Economy May 19, 2026 03:05 PM

LIV Golf Readies U.S. Bankruptcy Option as Saudi Funding Pulls Back

League draws up contingency plans, hires legal and financial advisers and weighs a U.S. headquarters move after key backer withdraws support

By Jordan Park

LIV Golf is preparing contingency plans that include a potential Chapter 11 bankruptcy filing in the United States if fresh funding cannot be secured. The league has lost financial backing from the Saudi Public Investment Fund, which contributed about $5 billion over four years, and has engaged advisers to seek new investors and craft a business plan.

LIV Golf Readies U.S. Bankruptcy Option as Saudi Funding Pulls Back

Key Points

  • LIV Golf is preparing for a possible U.S. bankruptcy filing if it cannot secure new funding; management is making contingency plans tied to the season's end in late August - impacts sports and finance sectors.
  • The Saudi Public Investment Fund had injected about $5 billion into LIV Golf over four years and has ceased providing financial support - impacts investment and sovereign wealth fund activity in sports financing.
  • LIV Golf has hired Gibson Dunn & Crutcher and Ducera Partners to seek investors and is developing a business plan; it is also exploring moving its headquarters to the U.S. to access Chapter 11 protections - impacts legal and restructuring advisory services.

LIV Golf is putting in place contingency measures that could culminate in a bankruptcy filing in the United States if it fails to obtain new capital, according to people familiar with the situation.
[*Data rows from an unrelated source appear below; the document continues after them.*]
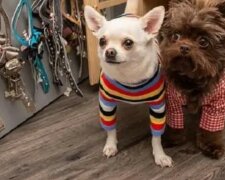 Die Besitzerin verwöhnter Chihuahua hat ein Vermögen für Designer-Outfits für Hunde ausgegeben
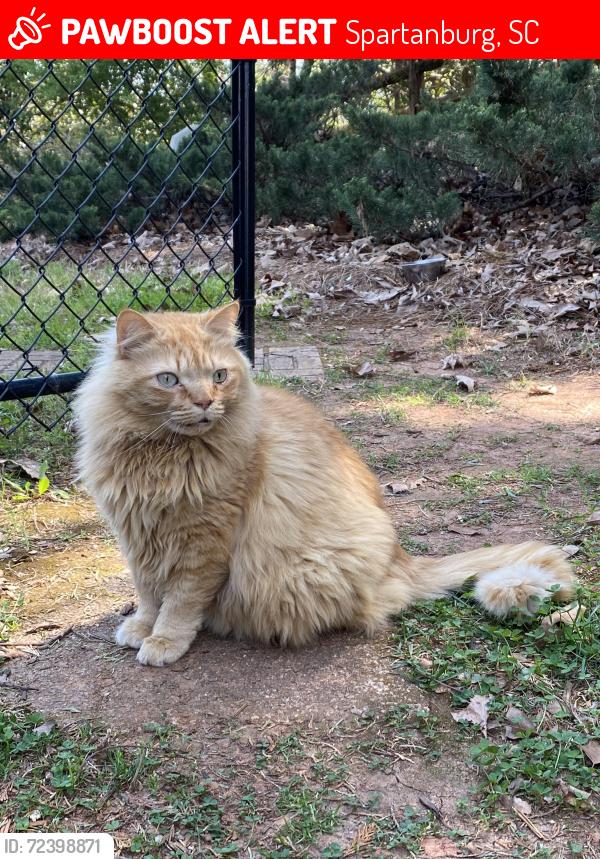 Lost Male Cat last seen Old Iron Works Rd & Dares Ferry , Spartanburg, SC 29302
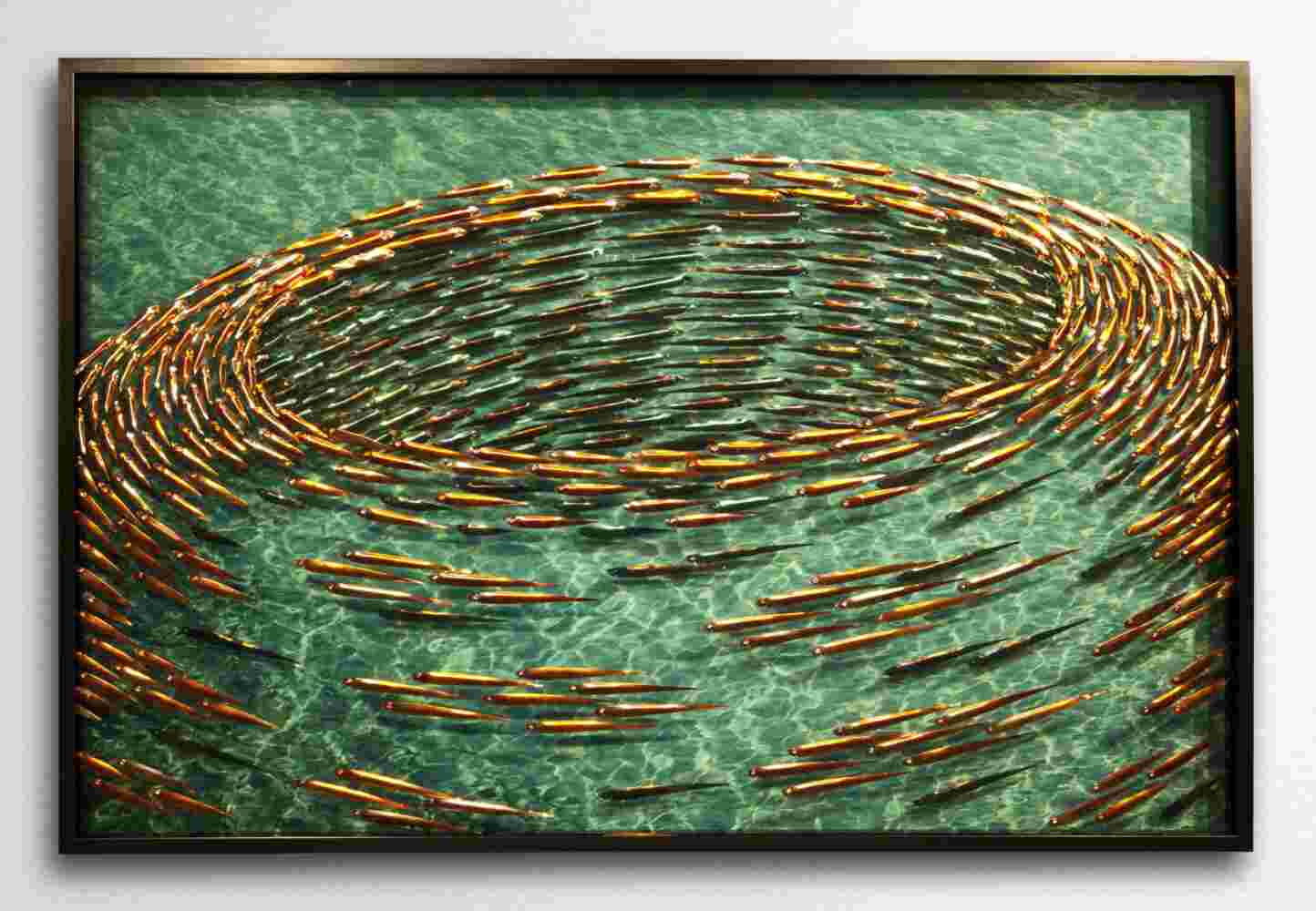 Three-dimensional wall sculpture, school of fish theme, with layers of plexiglass, aluminum frame and swirling aluminum and copper fish.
League management is preparing for the possibility of collapse once the current season ends in late August.

The league's funding structure has shifted after the Saudi Public Investment Fund - which had invested roughly $5 billion in LIV Golf over a four-year period - withdrew its financial backing. That pullback has prompted LIV Golf to seek alternatives to sustain operations beyond the current season.

To pursue new sources of capital, LIV Golf has retained the law firm Gibson Dunn & Crutcher and the investment bank Ducera Partners. Those firms have been engaged to assist the league in identifying potential investors and to support the preparation of a business plan the league intends to present to prospective backers.
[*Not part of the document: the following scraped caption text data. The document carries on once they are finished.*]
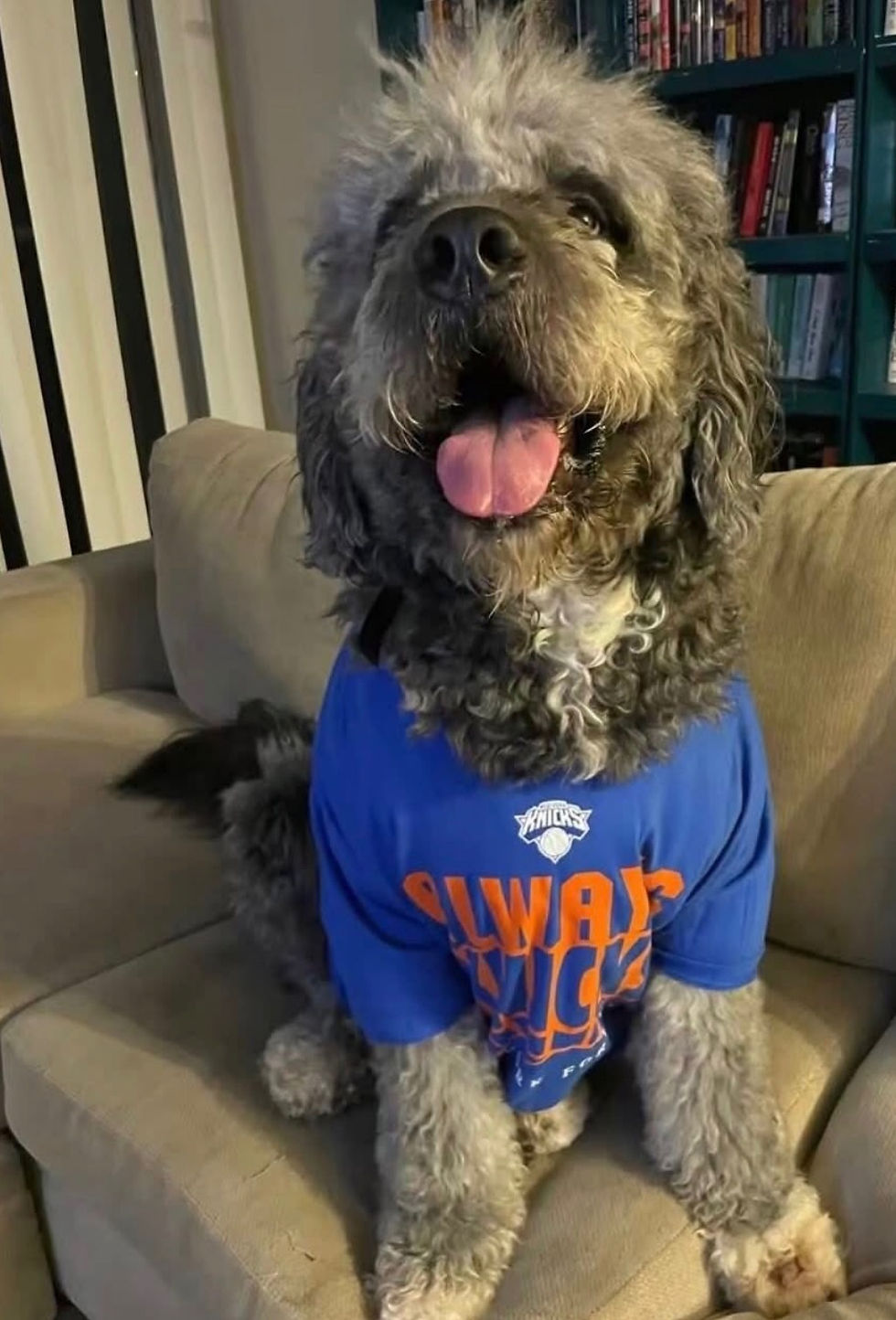 Knicks Dog Jameson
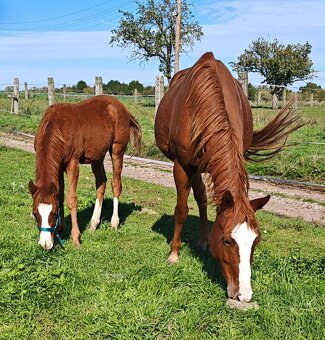 Paint horse - 3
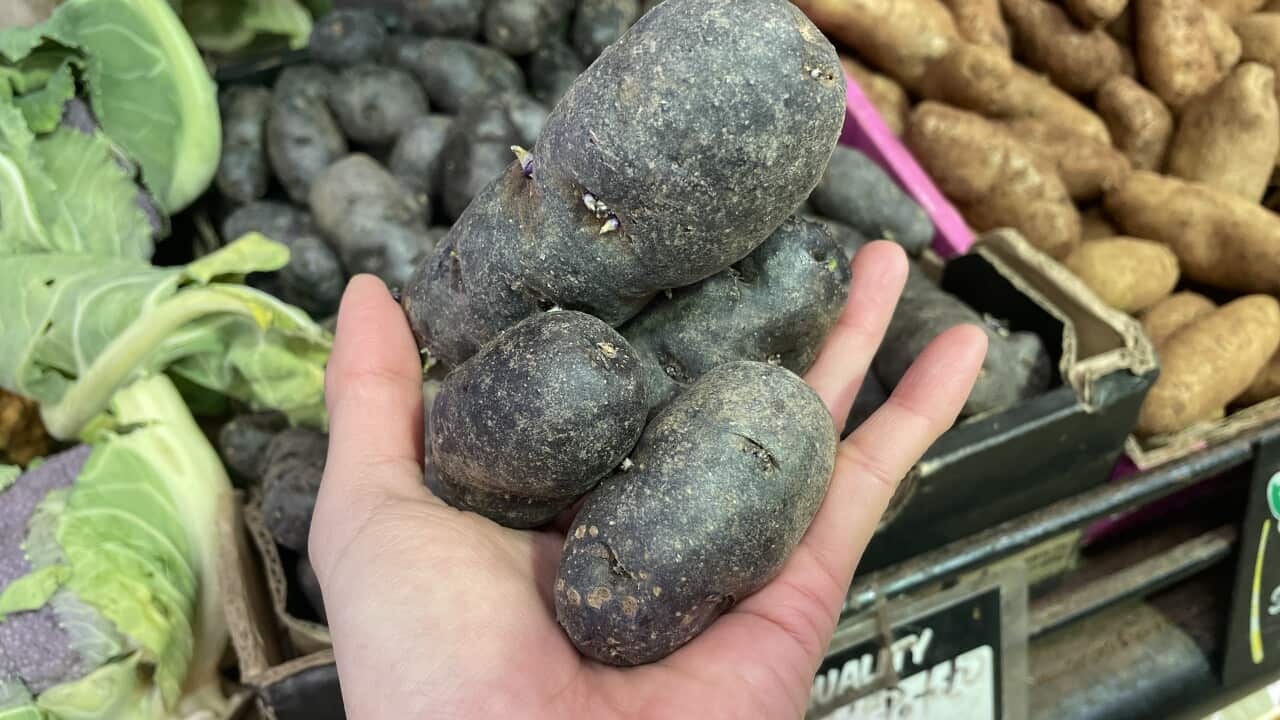 Purple Congo.jpeg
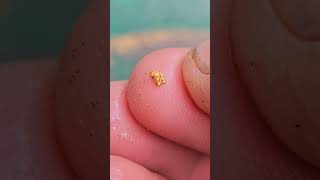 The Gold Curse Continues 🤬 #goldmining #goldbusiness #goldminers #gold #prospecting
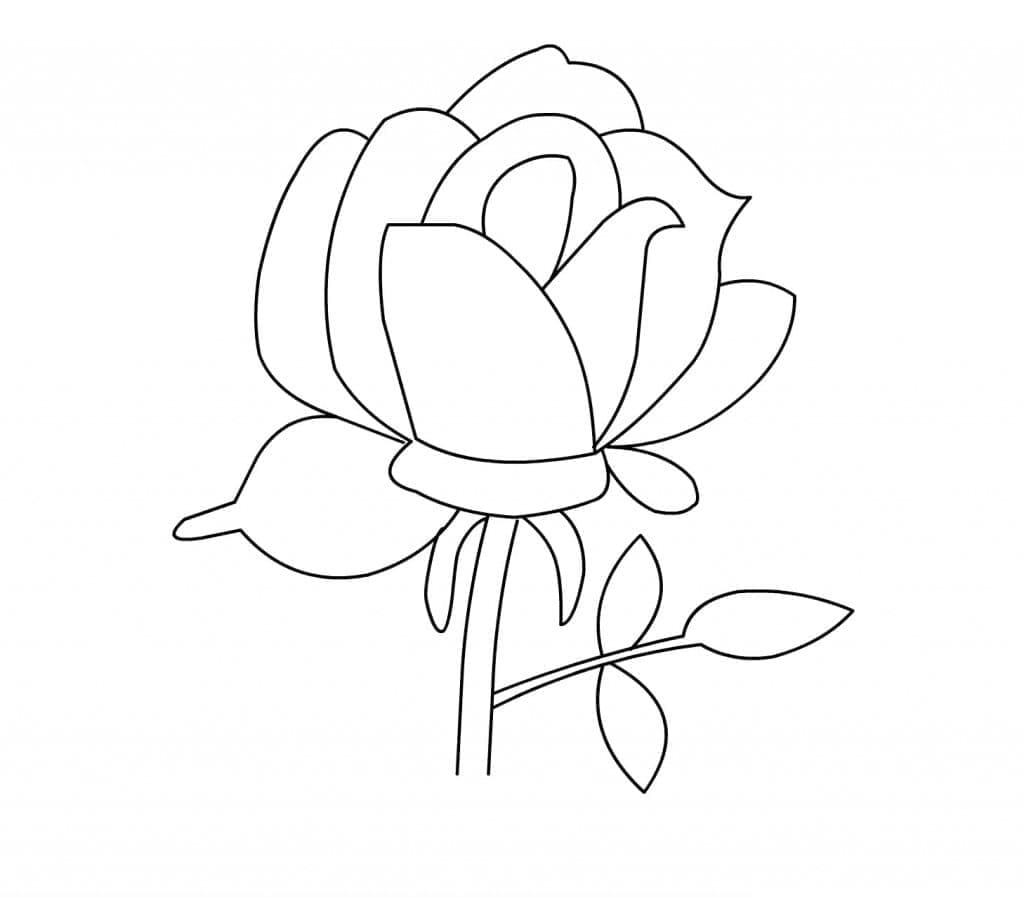 Desenhos de uma Rosa Muito Simples para Colorir e Pintar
In addition to soliciting new investment, LIV Golf is considering relocating its headquarters to the United States. The league sees a U.S. base as a way to position itself to use Chapter 11 bankruptcy protections if necessary. Those protections are being evaluated in part because they can shield assets from claims by foreign creditors, according to the information provided.


League executives are reportedly planning around the late-August calendar mark when the season concludes, treating that timeframe as a potential inflection point for determining whether emergency funding or formal restructuring will be required.

The steps taken so far - engaging a prominent law firm, hiring an investment bank and drafting a business plan for investors - indicate LIV Golf is actively seeking to avoid insolvency but is preparing for a legal restructuring if new capital is not secured. The relocation discussion and the specific reference to Chapter 11 underscore the league's focus on legal options available under U.S. bankruptcy code.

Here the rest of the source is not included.